Changes for the Masters, but what about the FdExCup

The Masters seems to understand. Will the PGA Tour get the message?

By John Hawkins
Photos By Getty Images November 6, 2008

Edge of your seat golf? Jaw dropping excitement? John Hawkins believes Ponte Vedra should maybe listen to the green jackets in Augusta.

Hawk's Eye

Down at the little ballpark in northeast Georgia, the fellas in the green jackets are searching for their golf tournament. Once a tradition unlike any other, long the game's greatest creator of high-end Sunday drama, the Masters has become a U.S. Open with prettier flowers. In waging a war on equipment that helps the ball travel farther and straighter, the old-school disciples at Augusta National went too far themselves.

Higher scoring, louder snoring, just plain boring. If you're ever lucky enough to stand behind the seventh green, picture yourself trying to park a 5-iron on an elevated poker table meant to accommodate a wedge. Under former Masters chairman Hootie Johnson, the par-4 seventh was lengthened from 375 to 450 yards, a character-killing increase of 20 percent. As if to make sure everyone was paying attention, Johnson also tightened the fairway by adding trees on both sides.

When it comes to autocratic behavior, that's not asking for trouble. That's making it your guest of honor.

About 300 miles to the south, the knotted ties who run the PGA Tour are trying to figure out how to fix their FedEx Cup playoff series. Unlike the men who lord over the Masters, Camp Ponte Vedra must consider numerous constituencies when tweaking the dials on its flawed postseason format. Sponsors. Television networks. Tiger Woods. The guys trying to beat him. Mid-level players and fringers. Most of all, it has to satisfy Joe Fan -- the guy who watches every week and eats pro golf on the internet for breakfast.

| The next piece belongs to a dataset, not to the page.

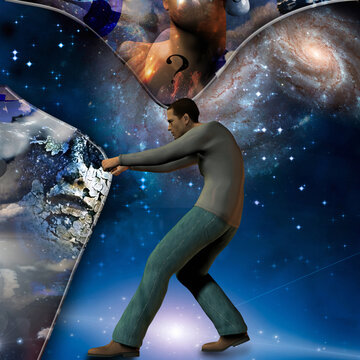 Man stretches space time to show power beneath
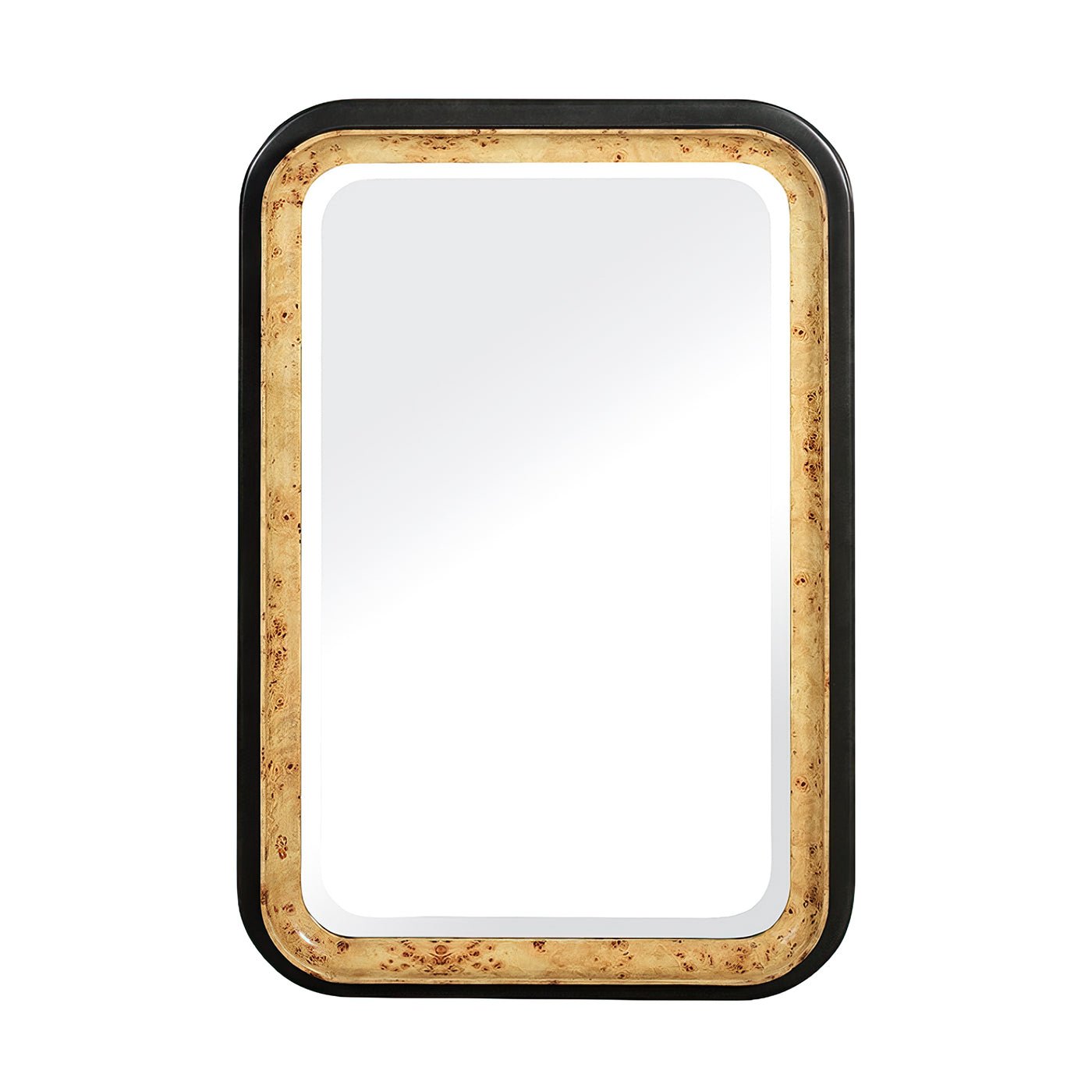 Rectangular art deco mirror with burl wood frame.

So many people to make happy, just one playoff, not enough interest. When the 16-man Player Advisory Council gathered on a teleconference Tuesday to discuss changes in the format, it quickly realized the tour, as is often the case, already had determined a plan of action and wouldn't be holding a forum to solicit new ideas, which many of these guys definitely have.

"They kind of jammed it down our throats," said one veteran. Added Tom Pernice Jr., who has served on both the PAC and PGA Tour Policy Board: "It sounded like Tim [commissioner Finchem] and his staff had decided which direction they're going to go." When I relayed Pernice's thoughts to Joe Ogilvie, a board member whom many players consider their strongest voice of reason, he replied, "I would say Tom is pretty accurate on that."

As the leaves fall and the country prepares for a transition in the White House, two of the game's most powerful governing bodies are finding that change can be a loaded mousetrap. In a typically genteel statement announcing what sound like very minor alterations to Augusta National -- a tee box moved here, a few trees removed there -- the movement has begun to undo the mistakes made during Johnson's somewhat zealous tenure.

His idea was to Tiger-proof the joint. Now it's all about unHootiefying it.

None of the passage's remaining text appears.